# ASSIGNMENT
From the data below, return the exact lines starting at the line containing "Matthew 6:28 Floral" and ending at the line containing "NWT Steve Madden", both included, and nothing else.

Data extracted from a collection

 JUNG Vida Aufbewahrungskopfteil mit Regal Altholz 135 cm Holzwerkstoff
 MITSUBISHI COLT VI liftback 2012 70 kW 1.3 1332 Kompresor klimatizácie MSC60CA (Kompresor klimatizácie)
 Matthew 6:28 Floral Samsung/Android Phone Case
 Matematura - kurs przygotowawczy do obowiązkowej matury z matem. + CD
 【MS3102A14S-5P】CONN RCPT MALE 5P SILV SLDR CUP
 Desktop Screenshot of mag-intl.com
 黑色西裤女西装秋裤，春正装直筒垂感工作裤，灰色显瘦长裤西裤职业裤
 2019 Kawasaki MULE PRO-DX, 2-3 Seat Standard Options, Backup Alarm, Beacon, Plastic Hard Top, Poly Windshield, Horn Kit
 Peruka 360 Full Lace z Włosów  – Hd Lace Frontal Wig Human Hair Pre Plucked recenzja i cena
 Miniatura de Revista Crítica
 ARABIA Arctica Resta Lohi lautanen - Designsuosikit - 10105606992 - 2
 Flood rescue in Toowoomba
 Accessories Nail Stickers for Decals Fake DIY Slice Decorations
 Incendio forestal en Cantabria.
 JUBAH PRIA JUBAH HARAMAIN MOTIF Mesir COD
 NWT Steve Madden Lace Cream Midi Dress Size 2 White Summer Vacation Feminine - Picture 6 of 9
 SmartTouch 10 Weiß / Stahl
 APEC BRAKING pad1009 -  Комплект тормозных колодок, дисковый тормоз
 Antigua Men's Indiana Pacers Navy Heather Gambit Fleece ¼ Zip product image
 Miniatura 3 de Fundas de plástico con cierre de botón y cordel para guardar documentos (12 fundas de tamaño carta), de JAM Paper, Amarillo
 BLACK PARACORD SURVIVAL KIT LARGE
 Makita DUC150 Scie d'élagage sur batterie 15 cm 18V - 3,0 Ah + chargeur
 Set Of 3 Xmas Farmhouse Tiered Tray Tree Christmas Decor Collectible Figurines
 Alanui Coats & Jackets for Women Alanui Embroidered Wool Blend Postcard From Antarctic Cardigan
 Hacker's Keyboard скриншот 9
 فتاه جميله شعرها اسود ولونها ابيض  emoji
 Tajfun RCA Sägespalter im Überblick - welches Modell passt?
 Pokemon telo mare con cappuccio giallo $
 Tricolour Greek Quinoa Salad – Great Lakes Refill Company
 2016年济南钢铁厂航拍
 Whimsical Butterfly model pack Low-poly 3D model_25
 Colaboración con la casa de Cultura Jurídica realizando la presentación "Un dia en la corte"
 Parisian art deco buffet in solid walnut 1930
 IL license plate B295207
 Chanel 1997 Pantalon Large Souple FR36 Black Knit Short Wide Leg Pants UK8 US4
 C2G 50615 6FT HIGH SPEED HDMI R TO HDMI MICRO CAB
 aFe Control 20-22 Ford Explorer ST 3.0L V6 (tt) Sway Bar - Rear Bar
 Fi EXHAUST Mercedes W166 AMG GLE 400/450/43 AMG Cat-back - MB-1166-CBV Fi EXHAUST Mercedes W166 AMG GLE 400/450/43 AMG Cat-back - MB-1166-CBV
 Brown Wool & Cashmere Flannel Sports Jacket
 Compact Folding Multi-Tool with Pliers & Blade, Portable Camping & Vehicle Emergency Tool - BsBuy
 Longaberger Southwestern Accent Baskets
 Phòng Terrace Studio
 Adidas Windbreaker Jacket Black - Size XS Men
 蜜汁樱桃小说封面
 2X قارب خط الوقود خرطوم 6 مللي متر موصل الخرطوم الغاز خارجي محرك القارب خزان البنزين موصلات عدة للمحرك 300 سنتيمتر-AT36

# EXERCISE OUTPUT
 Matthew 6:28 Floral Samsung/Android Phone Case
 Matematura - kurs przygotowawczy do obowiązkowej matury z matem. + CD
 【MS3102A14S-5P】CONN RCPT MALE 5P SILV SLDR CUP
 Desktop Screenshot of mag-intl.com
 黑色西裤女西装秋裤，春正装直筒垂感工作裤，灰色显瘦长裤西裤职业裤
 2019 Kawasaki MULE PRO-DX, 2-3 Seat Standard Options, Backup Alarm, Beacon, Plastic Hard Top, Poly Windshield, Horn Kit
 Peruka 360 Full Lace z Włosów  – Hd Lace Frontal Wig Human Hair Pre Plucked recenzja i cena
 Miniatura de Revista Crítica
 ARABIA Arctica Resta Lohi lautanen - Designsuosikit - 10105606992 - 2
 Flood rescue in Toowoomba
 Accessories Nail Stickers for Decals Fake DIY Slice Decorations
 Incendio forestal en Cantabria.
 JUBAH PRIA JUBAH HARAMAIN MOTIF Mesir COD
 NWT Steve Madden Lace Cream Midi Dress Size 2 White Summer Vacation Feminine - Picture 6 of 9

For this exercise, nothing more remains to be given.